Are your dishes forever covered with spots even after you've used the best detergent and rinse aid on the market or is your shower curtain covered in a slimy residue after every use? If you said yes, you probably have a hard water problem - specifically a magnesium and calcium one.
When water is in the ground, it picks up water soluble materials that it passes through. Calcium and magnesium are just some of the many minerals that may be present in your water, but they are the ones that cause all kinds of problems in our homes. These two minerals are the cause of that slimy residue and those hard water spots on your dishes. When calcium and magnesium are present in water, they prevent soap from being fully dissolved. Instead, it becomes a curd-like substance. This means more soap is required to do a thorough cleaning job.
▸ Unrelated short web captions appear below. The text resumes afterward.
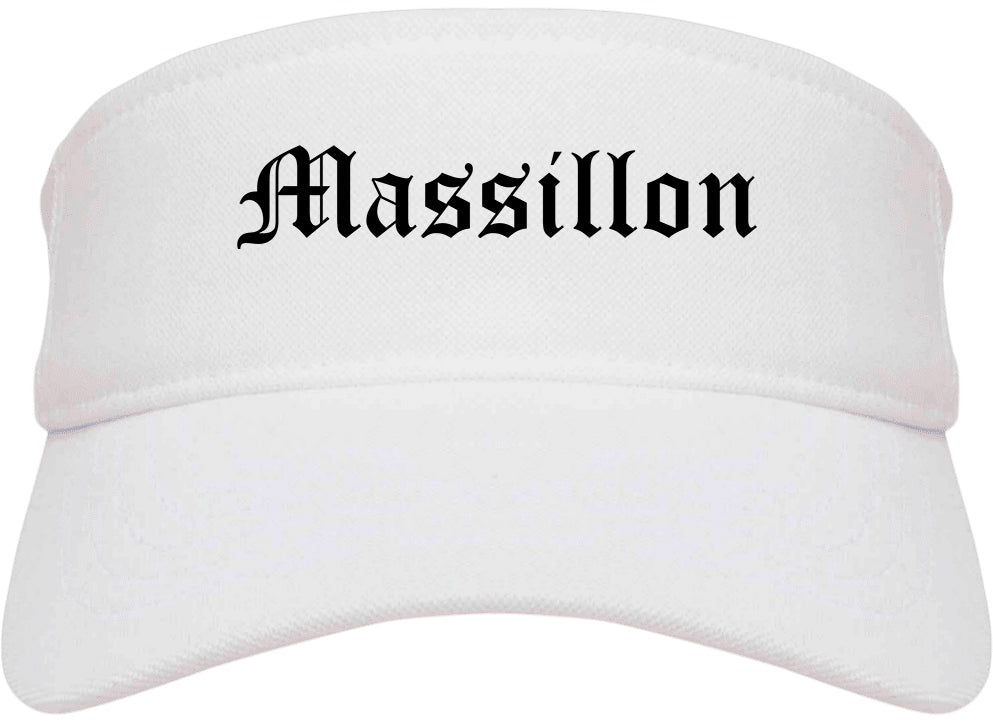 Massillon Ohio OH Old English Mens Visor Cap Hat White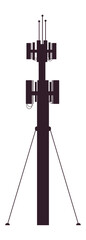 Silhouetting a telecommunication tower equipped with antennas, cables, and a robust support structure, delivering essential wireless communication services for modern connectivity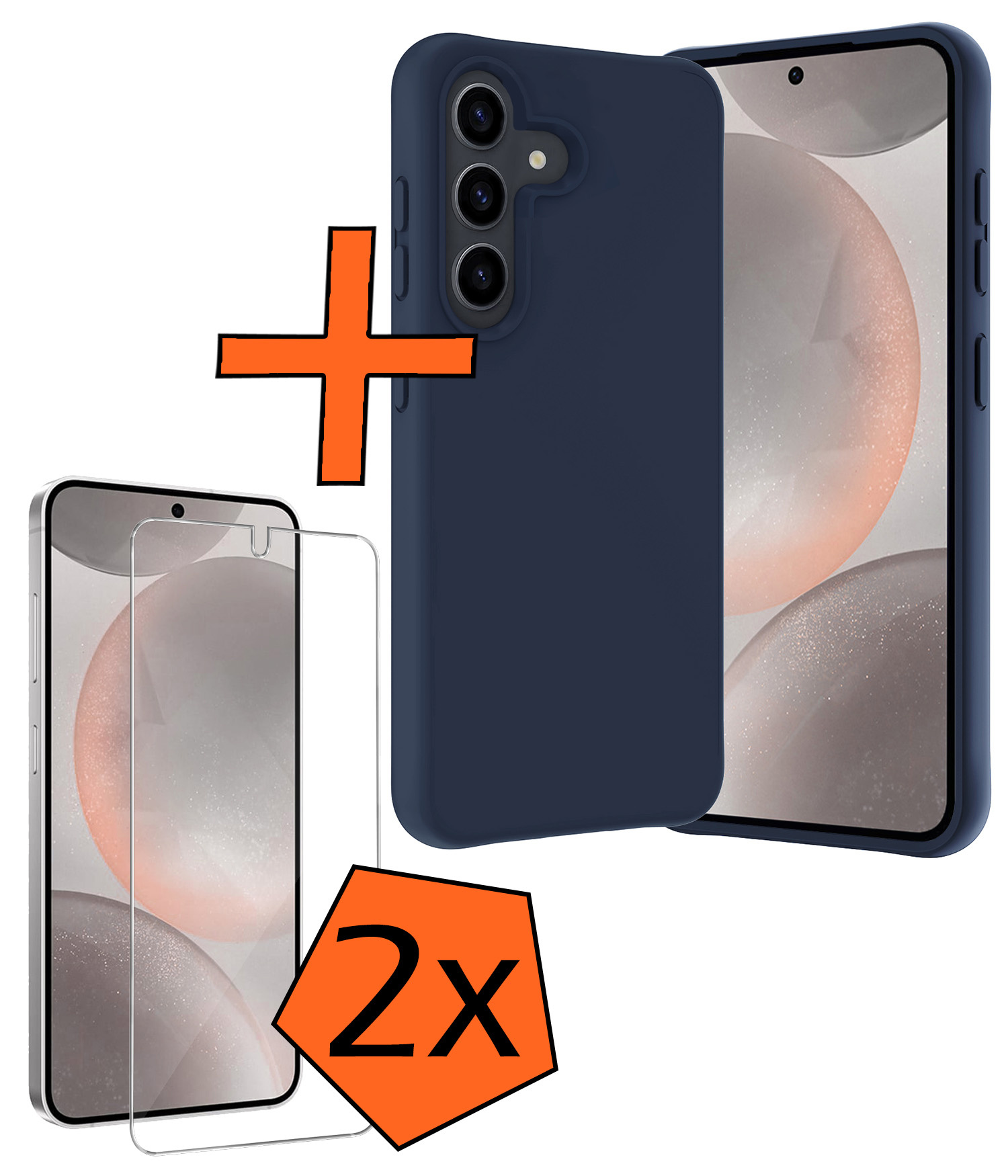 Nomfy Hoesje Geschikt voor Samsung S24 Plus Hoesje Siliconen Cover Case Met 2x Screenprotector - Hoes Geschikt voor Samsung Galaxy S24 Plus Hoes Back Case - Donkerblauw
Maybe you've noticed that your laundry is stiff and still a bit dirty, even after several washes. This could also be soap curd remaining in your clothes. The curd is not soluble, so it won't dissolve and get carried away.
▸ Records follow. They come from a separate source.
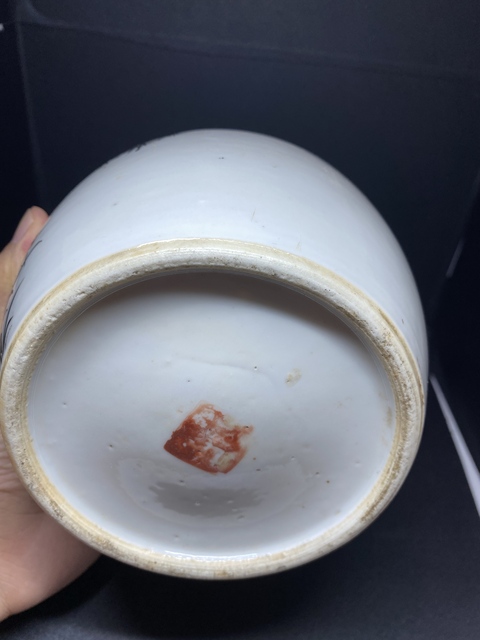 古玩陶瓷民國(guó)墨彩松鶴紋詩(shī)文罐拍賣(mài)，當(dāng)前價(jià)格400元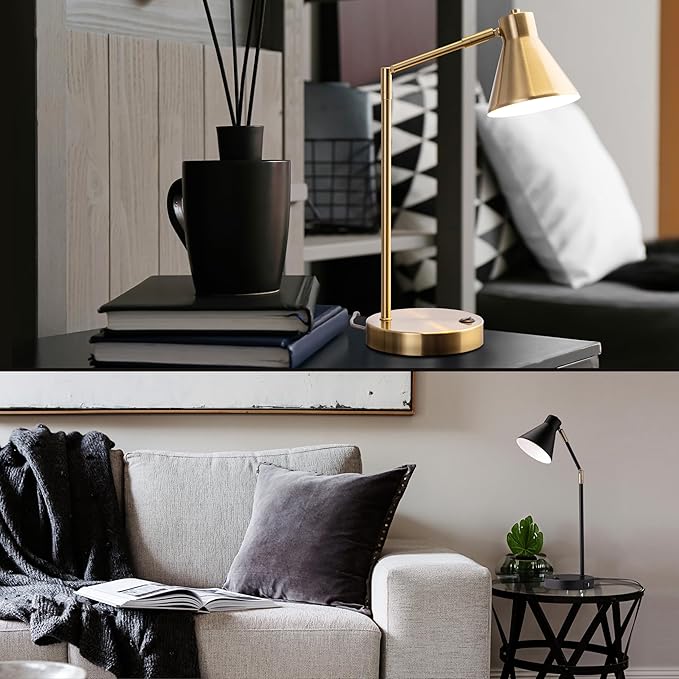 O'Bright Astrum - LED Desk Lamp with Dual USB Charging Ports, 100% Metal, 270 Degree Swivel Arms, Soft White Light (3000K), Bedside & Home Office Table Lamp, ETL Listed, White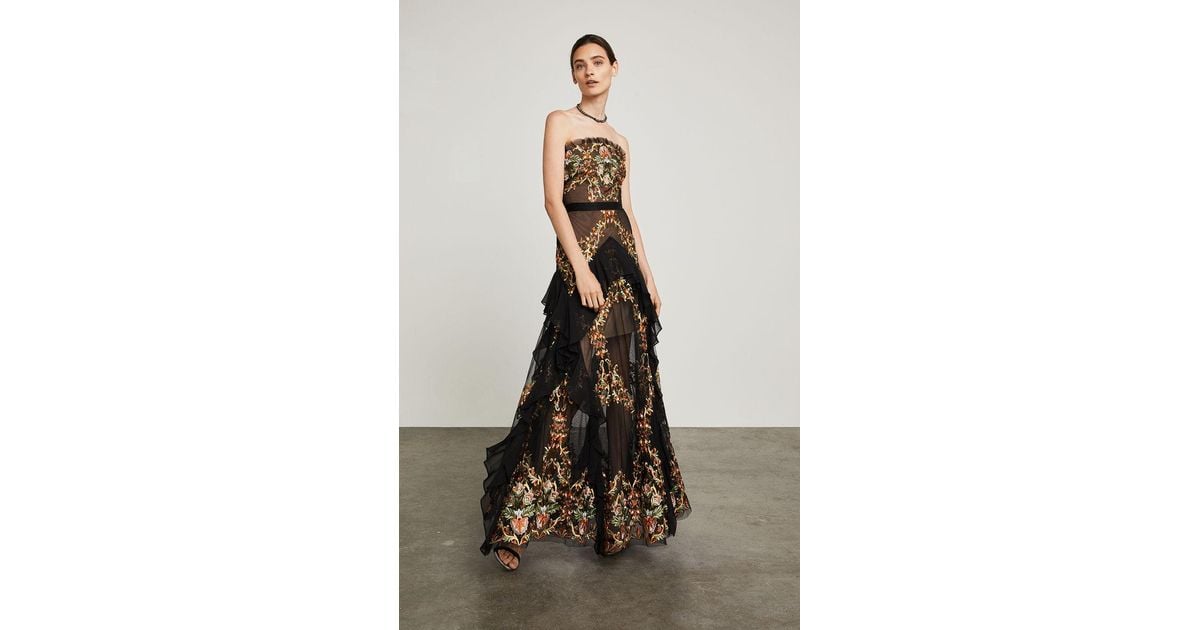 bcbg embroidered gown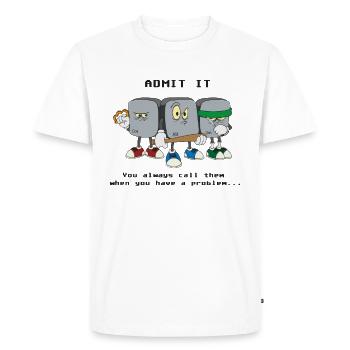 Ctrl Alt Del Computer Computer Scientist Programmer - Men's Premium Organic T-Shirt - white - Front - Nico (187cm)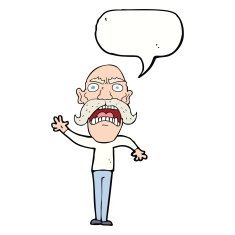 cartoon angry old man with speech bubble N119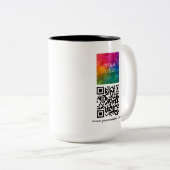 QR Code Business-Logo Modern Einfache Vorlage Zweifarbige Tasse (VorderseiteRechts)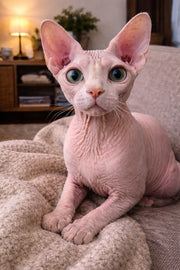 Hairless pink Sphynx cat with green eyes on a cozy blanket, original before photo for a custom cat portrait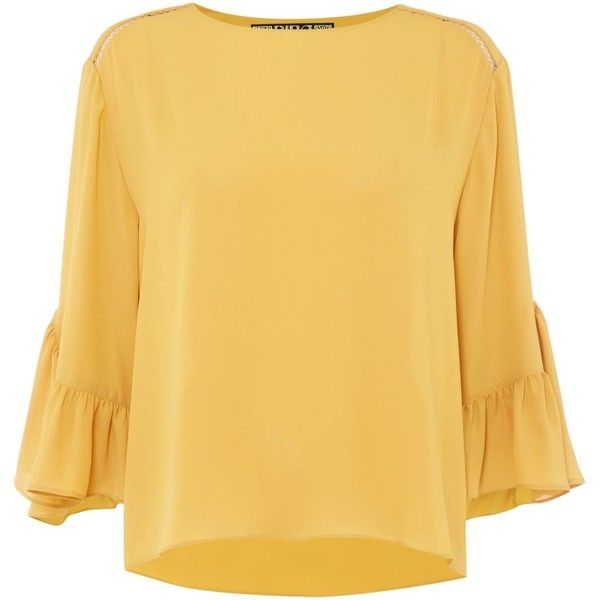 yellow blouse biba frill sleeve easy trim detail blouse ($66) ❤ liked on polyvore  featuring IMPWTGL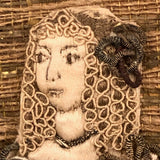 Fantastic 17th Century English Needlework Fragment, Portrait of Young Woman with Large Hands and Flower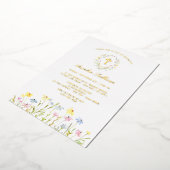 Pastel Wildblumen Wreath Baptisse Folieneinladung (Gedreht)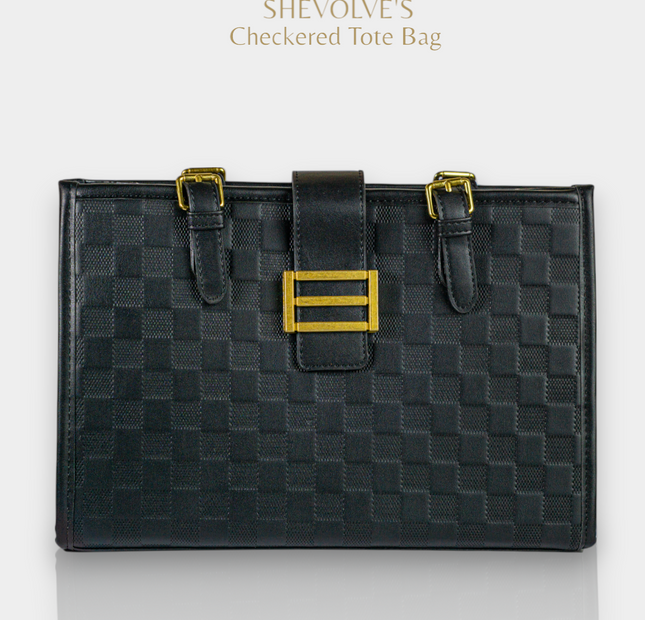 Checkered Tote Bag - Black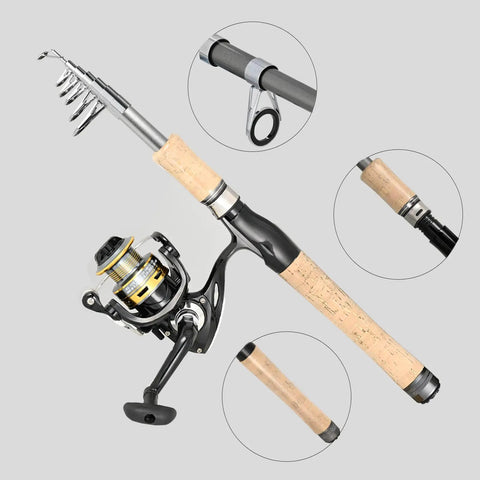 Telescopic Carbon Fiber Fishing Pole Combo Kit With Reel 6.9 Ft Travel Rod Set, close-up of handle and reel components.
This soap scum builds up on the surfaces of all the areas where it is used. This means your bathtub, your sink and the interior of your washing machine and dishwasher will probably end up with a layer of clear slime or film on then after a while.
This is not the terrible part, though. When calcium and magnesium begin to build up in your water system, they precipitate from the water and start to form build-ups on the interior of the pipes. This reduces water flow and can increase water pressure. This is extremely bad in the case of storage style water heaters. The minerals build up on the heating element on electric models or near the bottom of the tank in gas models and create scale that drastically reduces the efficiency and lifespan of the unit.
This is why areas with hard water problems have water softeners. Water softeners remove the calcium and magnesium from the water and replace it with sodium which doesn't have any of the downsides of the other two.
This is how it works. The water softener is actually comprised of two tanks, a water softener tank and a brine tank. The softener tank is filled with plastic beads that have a negative charge. Because calcium and magnesium are both positively charged, these minerals are attracted to the beads and drawn out of the water. The water is then sent to the brine tank where the positively charged water comes in contact with the negatively charge sodium (salt). The sodium takes the place of the magnesium and calcium, and the water is returned to the softener tank to be sent out into the home.